My daughter, Sophie, planned to marry Timmy, and she never spared his feelings. “You ‘BAAHH’ before she finishes ‘who.’ Else the sheep’s not interrupting!”
My son Caleb had taught her to tell that joke , and tell it right.
Sophie bossed Caleb too, and her Daddy; only the men she loved. Maybe she thought she was saving them from their own poor judgement, their blindness to the obvious , their flubbed punch lines. My son was eleven, so I knew what was coming. On the first day of 1st Grade, the world got all girls vs boys. I would miss young Timmy.
I still missed Marie, the girl down the street who once ran Calab’s life. Marie used to love dirt and superheroes just as much as Calab had loved glittery facepaint and tea-parties. I missed walking behind them as they raced down to the park every Summer morning, them playing soccer together, them putting on shows. After Kindergarten, Marie transfered into a private school in the next town and quit the soccer team, so we only rarely saw her. On Halloween night this year, she and her girlfriends came to our house; she was dressed like someone straight out of one of those animated movies from Japan. Calab said that yeah, he’d seen her, he’d said hi.

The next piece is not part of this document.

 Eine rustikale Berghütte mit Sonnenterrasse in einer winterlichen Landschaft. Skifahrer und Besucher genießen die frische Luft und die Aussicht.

When I walked past her house, I often thought of Marie, I hoped that she was doing alright. Maybe Calab did too; I never asked.
About one Saturday night a month, Timmy ate pancakes , hamburgers or pasta in our kitchen. When his parents needed “Date Night”, Paul and I kept Timmy with us. That way, everybody gets dinner and a movie. His folks did the same for us, we had a system. On Saturdays, Paul made dinner, and his repture consisted of burgers, pasta and pancakes. Timmy must have thought we ate that way every night. That Saturday, we were eating blueberry pancakes and sausage patties; Sophie’s favorites
“It’s my turn to choose the movie ‘cause Caleb picked last time.” Sophie spoke in her reasonable voice. “And I want Mary Poppins.”
Sophie and Timmy loved big musicals, but they usually fell asleep in a puppy-heap halfway through them.
“Well, you picked two weeks in a row.” Caleb reminded her. “Doesn’t that mean I get another pick? It should.”
I knew this couldn’t end well.
“I want to see Star Wars,” Caleb told me. “I bet Timmy would too. And he’s our guest, so he should pick; don’t you think?”
Timmy sat between my kids looking like he desperately wanted to see Star Wars.
“Do you want to see Star Wars Timmy?” Paul asked. I knew what answer he wanted. Paul loved his science fiction epics which I always called his “Space Operas”.
The kid had a mouthful of pancake and a forkful of sausage. He nodded, fast.
“Would that be okay with your parents?” I had to be the Responsible Mama.
“I think so. Yeah, it would.”
“Is that okay with you, Soph?” I doubted anything could stem the tide of guy-solidarity.
She folded her arms, shaking her head and glaring right at Paul.
“It’s a fun movie Honey. You always liked it.” Paul got a little whiny.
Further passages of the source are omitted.